Given that the system is apparently active in that it shows the lanes on the display, I have to assume that it's watching how I drive and comparing my behaviour with what it would have done if AP was actively in use. Much like the theory that REM sleep (or the type of sleep where you're paralyzed - I'm hardly an expert on sleep!) is a good time to have dreams that test scenarios - falling off the cliff etc. - because you can't damage yourself, I suspect that AP is doing the same. Not able to act dangerously, but able to test scenarios in a dream state! It would be interesting to know how or if AP's 'watching' differs from a drivers 'panic corrections' with respect to how the learning occurs. This is likely something Ohmman could comment on based on his experience?

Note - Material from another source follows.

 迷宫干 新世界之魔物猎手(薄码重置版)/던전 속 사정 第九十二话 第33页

There are a number of ways Tesla can be doing this, but first and foremost, it's learning from the driver. That's how these things work, and Elon said as much too. So when you're driving, you're training. When AP is on, it's mostly just obeying the model. There is a slim chance that there is a reinforcement learning algorithm that runs while AP is on, which has a penalty for things like line crossing or a driver taking over without prompting. However, the main training method is for drivers to control the vehicle while it collects environmental data.

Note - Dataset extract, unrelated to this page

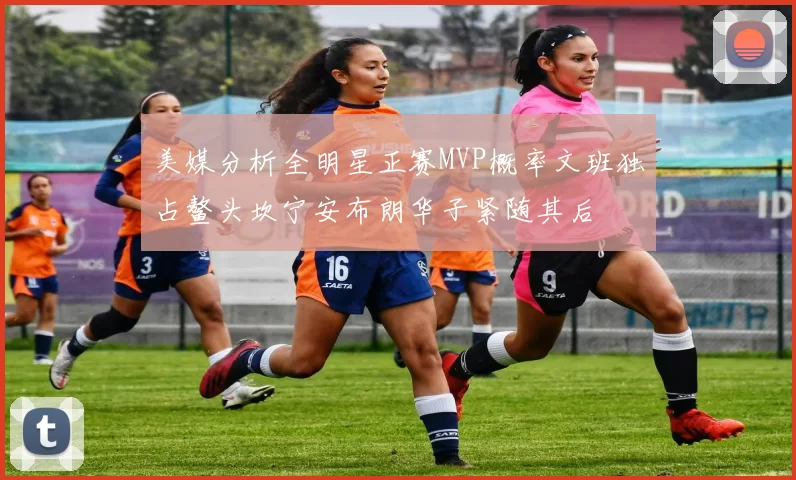 美媒分析全明星正赛MVP概率文班独占鳌头坎宁安布朗华子紧随其后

One common thought seems to be that the car is learning specific routes or specific locations based on an individual's driving. That's quite unlikely for a few reasons, the most obvious being that a model needs many iterations to adjust. More likely, if a driver is seeing a real difference on the route, the vehicle is learning how to react given a set of inputs which may be unique to that setting. The benefit is that then the model can generalize this to another location on the other side of the country/world where the inputs are similar. And someone there is aiding the model in learning your particular set of inputs. In other words, if AP is doing better on your particular drive, it's because it's doing a better job generalizing to your route.
A simple example is the classic handwritten character recognition problem. If you have a specific way of writing a 4 which isn't classified properly in the existing model, sending it one or two of your 4s with a label ("this is 4") isn't going to do much. However, if there are hundreds of people like you who write slightly similar 4s, and those are part of the labeled training set, it'll properly classify your 4 even without your examples. Compare that to a spot in your route where maybe the line is wavy or worn off at one spot. Surely in the AP collection space, there are other locations like this. Every time a driver completes their trajectory through, the model is getting more confident in that set of inputs. If you waited long enough, the car would work properly even if it hadn't ever seen that particular spot on your route.